[Opening Source information section]

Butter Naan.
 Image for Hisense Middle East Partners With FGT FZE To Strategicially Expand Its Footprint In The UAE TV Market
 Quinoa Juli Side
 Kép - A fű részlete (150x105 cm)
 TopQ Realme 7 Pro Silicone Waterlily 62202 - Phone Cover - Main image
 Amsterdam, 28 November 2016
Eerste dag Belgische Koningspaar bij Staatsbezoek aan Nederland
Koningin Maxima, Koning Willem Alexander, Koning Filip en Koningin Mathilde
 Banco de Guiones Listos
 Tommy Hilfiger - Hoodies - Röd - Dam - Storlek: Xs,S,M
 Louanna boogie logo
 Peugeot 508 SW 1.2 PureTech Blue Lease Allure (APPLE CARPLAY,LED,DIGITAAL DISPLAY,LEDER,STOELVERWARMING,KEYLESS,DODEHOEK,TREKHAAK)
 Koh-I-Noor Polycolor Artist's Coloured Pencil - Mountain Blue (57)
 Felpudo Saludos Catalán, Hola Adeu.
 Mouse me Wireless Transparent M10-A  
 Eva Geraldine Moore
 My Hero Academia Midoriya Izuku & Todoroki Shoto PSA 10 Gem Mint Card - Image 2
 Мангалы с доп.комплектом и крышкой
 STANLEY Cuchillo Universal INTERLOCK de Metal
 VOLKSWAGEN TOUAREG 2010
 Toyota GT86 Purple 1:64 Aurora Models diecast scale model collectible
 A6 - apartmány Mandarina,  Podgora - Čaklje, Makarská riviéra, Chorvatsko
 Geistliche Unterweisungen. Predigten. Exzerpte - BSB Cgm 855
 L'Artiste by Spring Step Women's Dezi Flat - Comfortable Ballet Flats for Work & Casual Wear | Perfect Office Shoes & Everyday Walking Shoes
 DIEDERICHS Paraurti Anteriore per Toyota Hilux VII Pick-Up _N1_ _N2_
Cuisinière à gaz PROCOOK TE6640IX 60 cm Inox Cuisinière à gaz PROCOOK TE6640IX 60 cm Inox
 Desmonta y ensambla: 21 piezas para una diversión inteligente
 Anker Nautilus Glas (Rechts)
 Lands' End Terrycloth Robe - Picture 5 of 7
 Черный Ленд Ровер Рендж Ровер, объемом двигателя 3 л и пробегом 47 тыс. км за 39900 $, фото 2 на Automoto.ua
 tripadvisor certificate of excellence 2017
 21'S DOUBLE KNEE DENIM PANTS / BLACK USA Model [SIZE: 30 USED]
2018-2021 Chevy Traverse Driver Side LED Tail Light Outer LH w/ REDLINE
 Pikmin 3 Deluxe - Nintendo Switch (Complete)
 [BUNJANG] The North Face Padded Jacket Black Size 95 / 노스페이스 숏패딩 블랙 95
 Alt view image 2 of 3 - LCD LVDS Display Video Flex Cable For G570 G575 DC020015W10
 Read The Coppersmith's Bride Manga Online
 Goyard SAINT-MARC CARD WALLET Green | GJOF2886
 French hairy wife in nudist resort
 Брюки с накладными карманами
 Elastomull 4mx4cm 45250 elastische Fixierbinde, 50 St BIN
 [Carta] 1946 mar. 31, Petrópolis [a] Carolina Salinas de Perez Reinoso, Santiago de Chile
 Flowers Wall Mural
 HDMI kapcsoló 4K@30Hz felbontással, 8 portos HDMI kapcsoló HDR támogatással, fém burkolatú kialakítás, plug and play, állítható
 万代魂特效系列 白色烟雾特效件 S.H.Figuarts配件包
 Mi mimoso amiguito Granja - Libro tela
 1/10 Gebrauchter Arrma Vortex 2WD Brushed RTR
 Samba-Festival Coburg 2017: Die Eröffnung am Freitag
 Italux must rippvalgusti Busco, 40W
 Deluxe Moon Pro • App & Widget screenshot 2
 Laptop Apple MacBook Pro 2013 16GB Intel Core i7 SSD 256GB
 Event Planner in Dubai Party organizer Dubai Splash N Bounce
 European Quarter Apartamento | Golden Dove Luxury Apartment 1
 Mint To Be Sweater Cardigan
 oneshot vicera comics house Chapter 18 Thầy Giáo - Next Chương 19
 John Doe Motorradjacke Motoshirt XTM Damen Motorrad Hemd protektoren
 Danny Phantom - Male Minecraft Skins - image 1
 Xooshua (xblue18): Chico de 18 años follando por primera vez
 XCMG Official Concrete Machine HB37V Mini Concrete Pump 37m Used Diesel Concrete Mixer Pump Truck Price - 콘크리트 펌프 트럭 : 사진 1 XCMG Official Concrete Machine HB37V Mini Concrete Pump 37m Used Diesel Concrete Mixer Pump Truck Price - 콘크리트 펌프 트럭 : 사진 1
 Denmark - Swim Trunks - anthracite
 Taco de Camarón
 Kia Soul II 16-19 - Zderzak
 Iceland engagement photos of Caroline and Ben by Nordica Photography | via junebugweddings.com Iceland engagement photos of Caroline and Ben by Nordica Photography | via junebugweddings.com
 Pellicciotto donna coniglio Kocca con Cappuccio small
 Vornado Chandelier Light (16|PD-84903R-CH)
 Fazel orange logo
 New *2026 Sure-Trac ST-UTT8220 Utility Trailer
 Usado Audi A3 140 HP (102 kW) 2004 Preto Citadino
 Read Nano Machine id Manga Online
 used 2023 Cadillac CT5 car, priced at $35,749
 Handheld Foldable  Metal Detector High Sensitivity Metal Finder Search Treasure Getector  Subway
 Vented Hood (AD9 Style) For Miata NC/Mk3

[Closing Source information section]

§ Your assignment
Give every line above again, word for word.

§ Expected answer
Butter Naan.
 Image for Hisense Middle East Partners With FGT FZE To Strategicially Expand Its Footprint In The UAE TV Market
 Quinoa Juli Side
 Kép - A fű részlete (150x105 cm)
 TopQ Realme 7 Pro Silicone Waterlily 62202 - Phone Cover - Main image
 Amsterdam, 28 November 2016
Eerste dag Belgische Koningspaar bij Staatsbezoek aan Nederland
Koningin Maxima, Koning Willem Alexander, Koning Filip en Koningin Mathilde
 Banco de Guiones Listos
 Tommy Hilfiger - Hoodies - Röd - Dam - Storlek: Xs,S,M
 Louanna boogie logo
 Peugeot 508 SW 1.2 PureTech Blue Lease Allure (APPLE CARPLAY,LED,DIGITAAL DISPLAY,LEDER,STOELVERWARMING,KEYLESS,DODEHOEK,TREKHAAK)
 Koh-I-Noor Polycolor Artist's Coloured Pencil - Mountain Blue (57)
 Felpudo Saludos Catalán, Hola Adeu.
 Mouse me Wireless Transparent M10-A  
 Eva Geraldine Moore
 My Hero Academia Midoriya Izuku & Todoroki Shoto PSA 10 Gem Mint Card - Image 2
 Мангалы с доп.комплектом и крышкой
 STANLEY Cuchillo Universal INTERLOCK de Metal
 VOLKSWAGEN TOUAREG 2010
 Toyota GT86 Purple 1:64 Aurora Models diecast scale model collectible
 A6 - apartmány Mandarina,  Podgora - Čaklje, Makarská riviéra, Chorvatsko
 Geistliche Unterweisungen. Predigten. Exzerpte - BSB Cgm 855
 L'Artiste by Spring Step Women's Dezi Flat - Comfortable Ballet Flats for Work & Casual Wear | Perfect Office Shoes & Everyday Walking Shoes
 DIEDERICHS Paraurti Anteriore per Toyota Hilux VII Pick-Up _N1_ _N2_
Cuisinière à gaz PROCOOK TE6640IX 60 cm Inox Cuisinière à gaz PROCOOK TE6640IX 60 cm Inox
 Desmonta y ensambla: 21 piezas para una diversión inteligente
 Anker Nautilus Glas (Rechts)
 Lands' End Terrycloth Robe - Picture 5 of 7
 Черный Ленд Ровер Рендж Ровер, объемом двигателя 3 л и пробегом 47 тыс. км за 39900 $, фото 2 на Automoto.ua
 tripadvisor certificate of excellence 2017
 21'S DOUBLE KNEE DENIM PANTS / BLACK USA Model [SIZE: 30 USED]
2018-2021 Chevy Traverse Driver Side LED Tail Light Outer LH w/ REDLINE
 Pikmin 3 Deluxe - Nintendo Switch (Complete)
 [BUNJANG] The North Face Padded Jacket Black Size 95 / 노스페이스 숏패딩 블랙 95
 Alt view image 2 of 3 - LCD LVDS Display Video Flex Cable For G570 G575 DC020015W10
 Read The Coppersmith's Bride Manga Online
 Goyard SAINT-MARC CARD WALLET Green | GJOF2886
 French hairy wife in nudist resort
 Брюки с накладными карманами
 Elastomull 4mx4cm 45250 elastische Fixierbinde, 50 St BIN
 [Carta] 1946 mar. 31, Petrópolis [a] Carolina Salinas de Perez Reinoso, Santiago de Chile
 Flowers Wall Mural
 HDMI kapcsoló 4K@30Hz felbontással, 8 portos HDMI kapcsoló HDR támogatással, fém burkolatú kialakítás, plug and play, állítható
 万代魂特效系列 白色烟雾特效件 S.H.Figuarts配件包
 Mi mimoso amiguito Granja - Libro tela
 1/10 Gebrauchter Arrma Vortex 2WD Brushed RTR
 Samba-Festival Coburg 2017: Die Eröffnung am Freitag
 Italux must rippvalgusti Busco, 40W
 Deluxe Moon Pro • App & Widget screenshot 2
 Laptop Apple MacBook Pro 2013 16GB Intel Core i7 SSD 256GB
 Event Planner in Dubai Party organizer Dubai Splash N Bounce
 European Quarter Apartamento | Golden Dove Luxury Apartment 1
 Mint To Be Sweater Cardigan
 oneshot vicera comics house Chapter 18 Thầy Giáo - Next Chương 19
 John Doe Motorradjacke Motoshirt XTM Damen Motorrad Hemd protektoren
 Danny Phantom - Male Minecraft Skins - image 1
 Xooshua (xblue18): Chico de 18 años follando por primera vez
 XCMG Official Concrete Machine HB37V Mini Concrete Pump 37m Used Diesel Concrete Mixer Pump Truck Price - 콘크리트 펌프 트럭 : 사진 1 XCMG Official Concrete Machine HB37V Mini Concrete Pump 37m Used Diesel Concrete Mixer Pump Truck Price - 콘크리트 펌프 트럭 : 사진 1
 Denmark - Swim Trunks - anthracite
 Taco de Camarón
 Kia Soul II 16-19 - Zderzak
 Iceland engagement photos of Caroline and Ben by Nordica Photography | via junebugweddings.com Iceland engagement photos of Caroline and Ben by Nordica Photography | via junebugweddings.com
 Pellicciotto donna coniglio Kocca con Cappuccio small
 Vornado Chandelier Light (16|PD-84903R-CH)
 Fazel orange logo
 New *2026 Sure-Trac ST-UTT8220 Utility Trailer
 Usado Audi A3 140 HP (102 kW) 2004 Preto Citadino
 Read Nano Machine id Manga Online
 used 2023 Cadillac CT5 car, priced at $35,749
 Handheld Foldable  Metal Detector High Sensitivity Metal Finder Search Treasure Getector  Subway
 Vented Hood (AD9 Style) For Miata NC/Mk3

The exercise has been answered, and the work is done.